With the 5-2 vote, the council was consciously stepping back from plans for a $48-million civic center that include a new city hall, a fire station and a parking structure at the existing City Hall’s Balboa Peninsula site.
Councilman Tod Ridgeway has been one of the biggest proponents of the project, but he said Wednesday he’s not disappointed with the council’s decision.
“I find it heartening, even though I lost the vote, that there was a good, spirited debate up there,” he said. “We’re pushing the process in a good direction in a quick manner.”
The other minority vote was cast by Councilman Steve Rosansky.
The council will choose members for the committees -- two council members and seven to 10 residents -- in January.
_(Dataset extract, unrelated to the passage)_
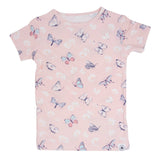 Pink Butterfly Daisy Bamboo Summer Pajama Set Aaria Tees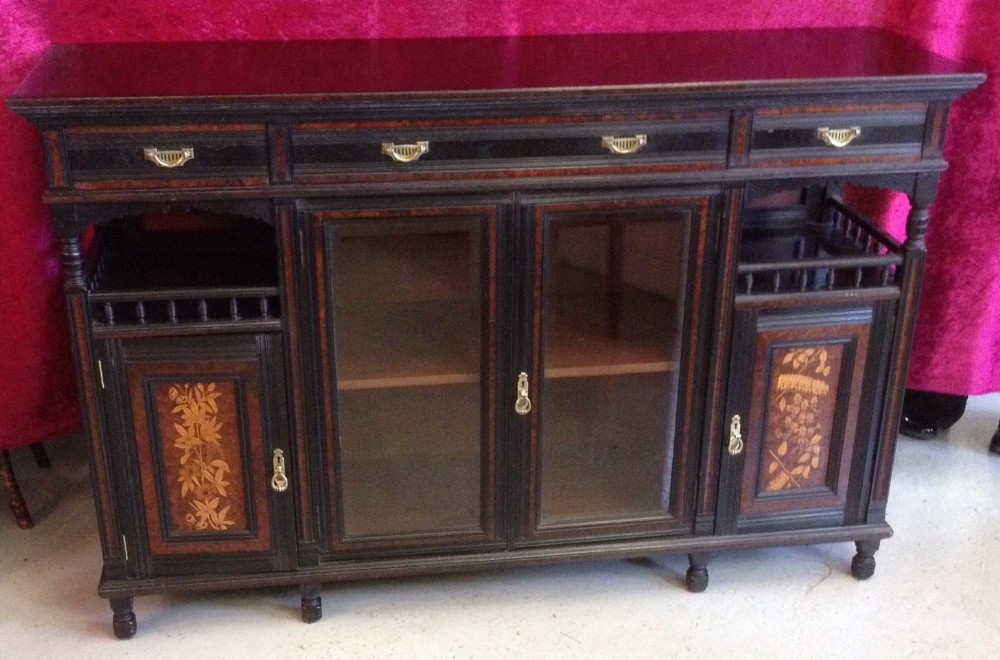 Arts and crafts ebonised and Inlaid side cabinet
The committees will have until May 1 to give recommendations to the council.
Outlining the city’s facilities needs for the next 15 years promises to be a big job. Many public facilities are 40 to 60 years old, said City Manager Homer Bludau.
Some likely candidates for replacement or overhaul include the Oasis Senior Center, the Corona del Mar and Mariners fire stations, the lifeguard headquarters, the Peninsula branch library and the police station. The committee also could look at development of park sites.
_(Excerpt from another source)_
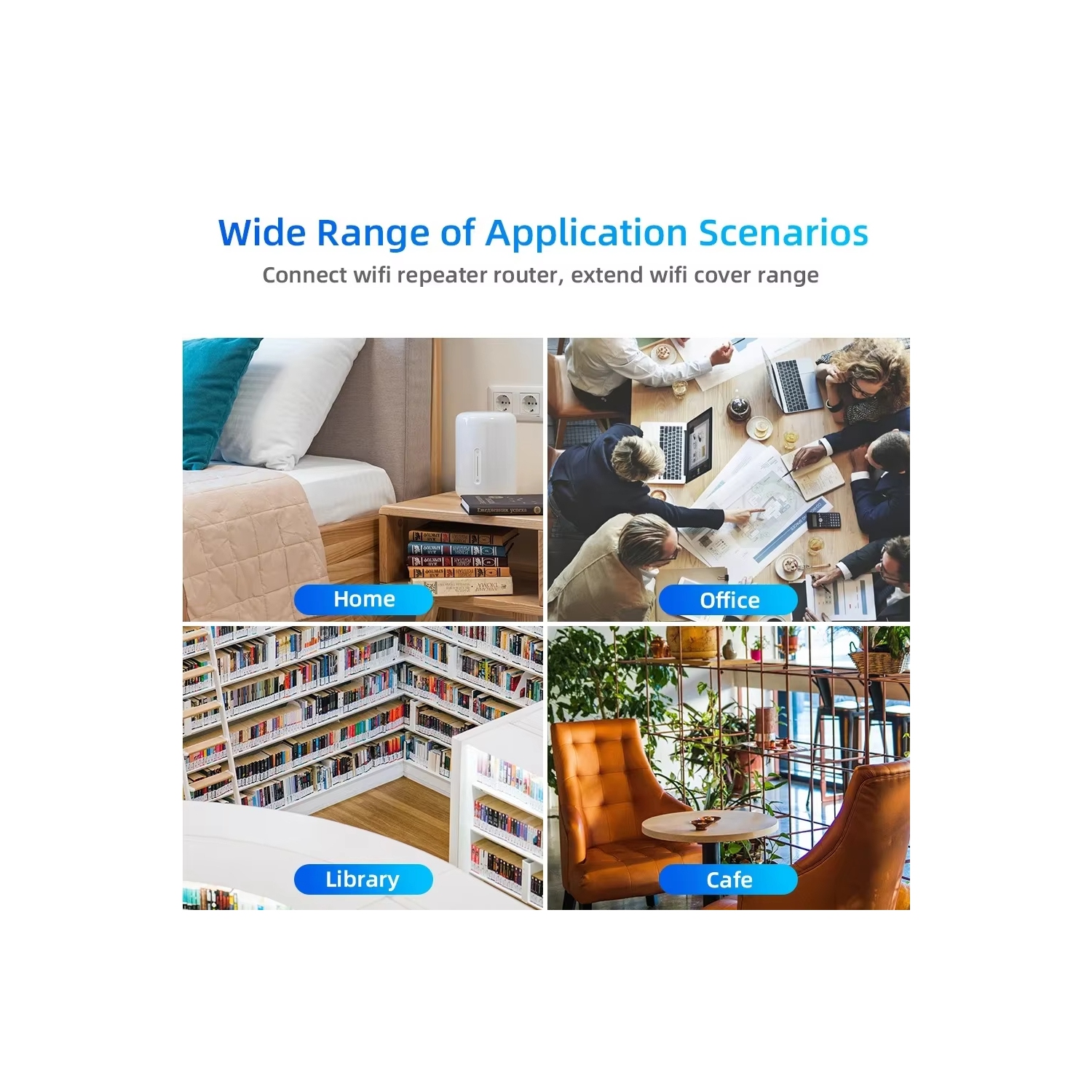 Répéteur Wi-Fi 5 GHz Routeur 1200Mbps Prolongateur Wi-Fi Amplificateur de signal Wi-Fi bibande 2,4 G/5 GHz Réseau longue portée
It’s unclear how much all that work will cost. A residents group is gathering signatures for a ballot measure that would require voter approval before the city could borrow more than $3 million.
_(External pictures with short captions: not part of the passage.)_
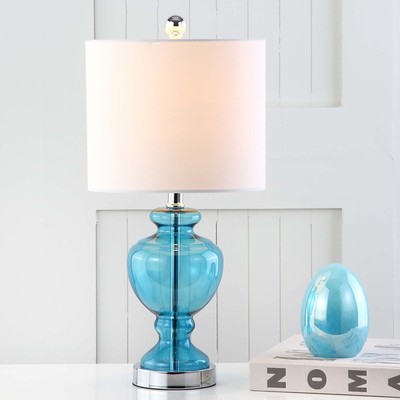 SAFAVIEH Lighting 21-inch Marine Monaco Blue LED Table Lamp Blue 10''x10''x21''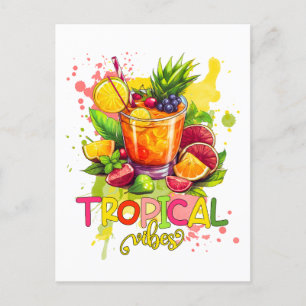 Carte Postale Cubes tropicaux - Vibes d'été Aquarelle Fruits
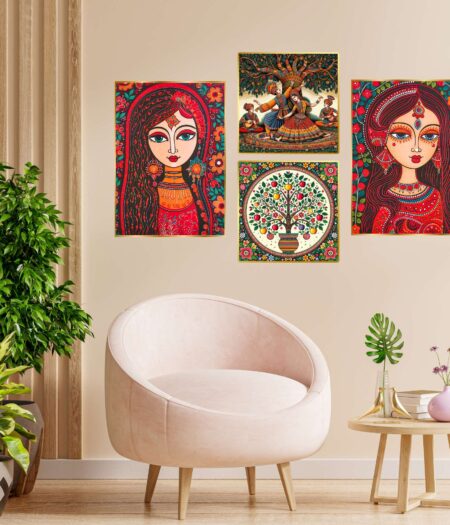 Set of Four Wall Paintings for Wall Dacoration Golden Framed Wall Paintings for Living Room & Bedroom Wall Art for Home Decoration & Office Wall Décor (13x10 inch CH-GD4-12)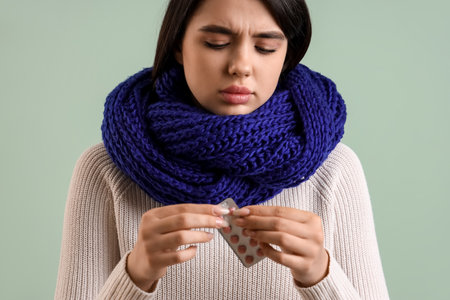 Sick young woman with pills on mint backgroundの写真素材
“At this point, I wouldn’t even want to suggest a figure, but it is going to be substantial because so many of our buildings are about the same age,” Bludau said.
Although building a new city hall topped Bludau’s priority list in 2004, he’s satisfied with the steps that have been taken.
“I think we’ve come a long way in getting the community to recognize that a new city hall is needed, and that is a major move in public perception, so I respect the council wanting to gain wide community support for the location issue and the financing issue,” he said.
Some council members expect the study of possible city hall sites to help build consensus. But others predict such obstacles with any new site that the council will decide not to move City Hall.
“The bottom line is I think we’ll spend six months and we’ll come back to the same decision, that City Hall is where it needs to be,” Rosansky told the council at the meeting.
The comments from about 20 residents who spoke Tuesday reflected a sharp division in the community. Some people said they trust the council to decide on a city hall, while others complained that they’ve stopped speaking up because the council doesn’t listen.
“Public outreach often happens after consultants have been hired and thousands of dollars spent,” Barbara Rawlings told council members.
“We can’t advise you on your vote because our presence comes too late, and I don’t just mean tonight. It’s not apathy; it’s futility.”
A delay to study the city hall might not bring all the project’s critics on board, but one thing it’s guaranteed to do is drive up the cost -- one way or another.
Heffernan estimated buying another site would push the city hall cost up by about 50%. Even waiting to build at the current site carries a price, with interest rates on borrowed money expected to rise and construction costs climbing steadily. Consultant Roger Torriero noted the price of building has gone up 15% to 20% a year for the last three years, most recently because natural disasters have caused a spike in building material costs.
“To me it’s fiscally irresponsible if we allow this to drag on, and let me say an alternate site would drag on for two or three years,” Ridgeway said.